--- TASK ---
An exact copy of the listing is required, with its pictures removed.

PROVIDED MATERIAL: Begin

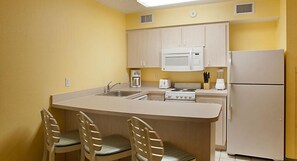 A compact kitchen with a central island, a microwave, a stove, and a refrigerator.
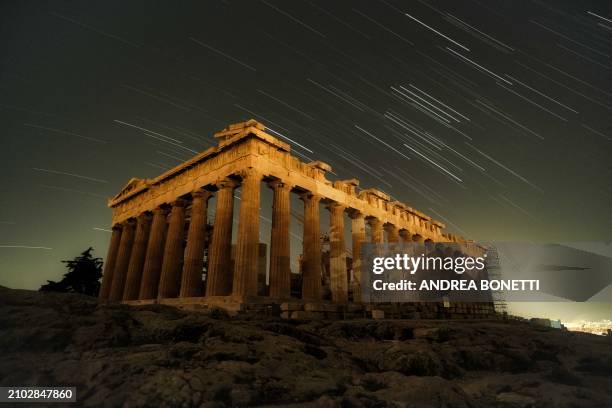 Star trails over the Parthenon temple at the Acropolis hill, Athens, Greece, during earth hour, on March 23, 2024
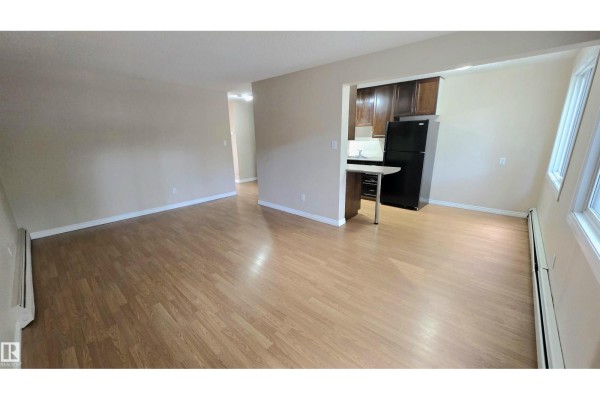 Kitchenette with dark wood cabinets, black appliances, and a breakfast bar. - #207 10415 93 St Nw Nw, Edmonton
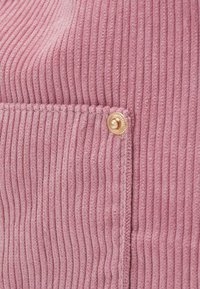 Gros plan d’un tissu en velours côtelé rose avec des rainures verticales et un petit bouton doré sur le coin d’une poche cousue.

PROVIDED MATERIAL: End

--- RESPONSE TO THE TASK ---
 A compact kitchen with a central island, a microwave, a stove, and a refrigerator.
 Star trails over the Parthenon temple at the Acropolis hill, Athens, Greece, during earth hour, on March 23, 2024
 Kitchenette with dark wood cabinets, black appliances, and a breakfast bar. - #207 10415 93 St Nw Nw, Edmonton
 Gros plan d’un tissu en velours côtelé rose avec des rainures verticales et un petit bouton doré sur le coin d’une poche cousue.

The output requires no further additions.